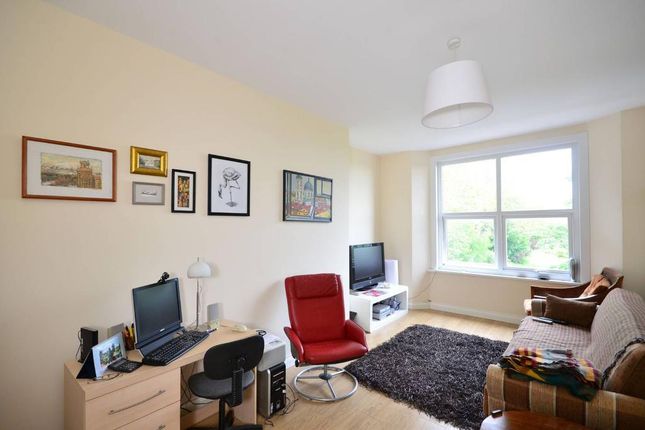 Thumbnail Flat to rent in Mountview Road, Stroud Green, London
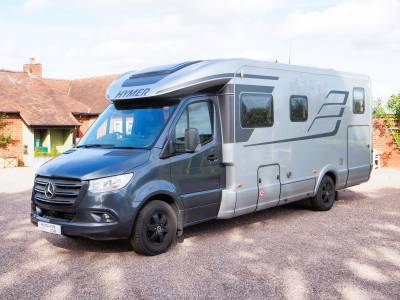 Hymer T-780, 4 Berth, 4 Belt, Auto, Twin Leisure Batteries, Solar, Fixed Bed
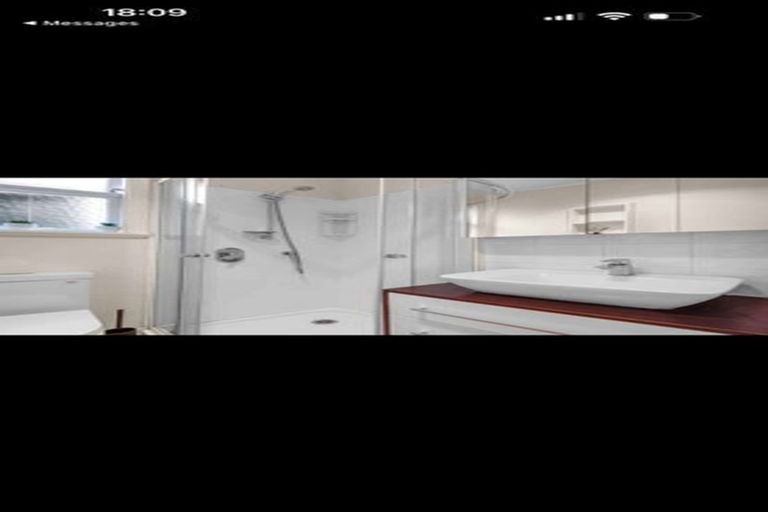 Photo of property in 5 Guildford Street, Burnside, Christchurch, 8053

# # #

◆ **WHAT TO WORK ON**
Restate every line above word for word. Do not carry over the images.

◆ **TASK RESULT**
 Thumbnail Flat to rent in Mountview Road, Stroud Green, London
 Hymer T-780, 4 Berth, 4 Belt, Auto, Twin Leisure Batteries, Solar, Fixed Bed
 Photo of property in 5 Guildford Street, Burnside, Christchurch, 8053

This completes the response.